Claro dG. Cordero, Jr., director and head of research at Consulting & Advisory Services, Cushman & Wakefield, said the coronavirus pandemic played a major role in the individual responses, given the urgency of concerns by the respondents.

“These urgent concerns validate the growing demand for a ‘live-work-play-learn’ environment empowered by technology. Technology has assisted in crafting micro-city designs to address the need for healthy and urban lifestyle. The growth in the number of masterplanned developments in the Philippines has certainly helped in answering this demand. However, outside of these masterplanned developments, the lack of evolving urban planning and efficient technology are quite evident — and made even more apparent by the challenges brought by the pandemic,” Mr. Cordero said via e-mail.

He said the government should consider further enhancing the role of technology in governance in order for its citizens to change their perspectives.

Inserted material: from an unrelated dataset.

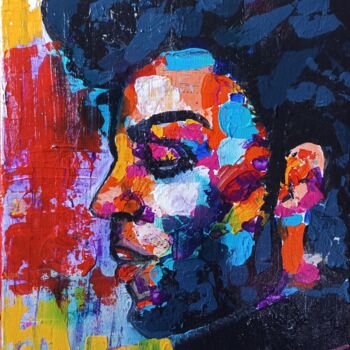 Malerei mit dem Titel "Prince" von Marzel, Original-Kunstwerk, Acryl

Joey Roi H. Bondoc, a senior research manager at Colliers Philippines, said the lockdown and pandemic provide opportunities for the Philippines to improve its ranking and become a “more attractive” property investment destination in the region.

“We believe that proper masterplanning complemented by public and private infrastructure implementation should improve Manila’s ranking moving forward. These measures will help in solving major issues in Metro Manila, including road congestion, air pollution, and unemployment,” Mr. Bondoc said in an e-mailed reply to questions.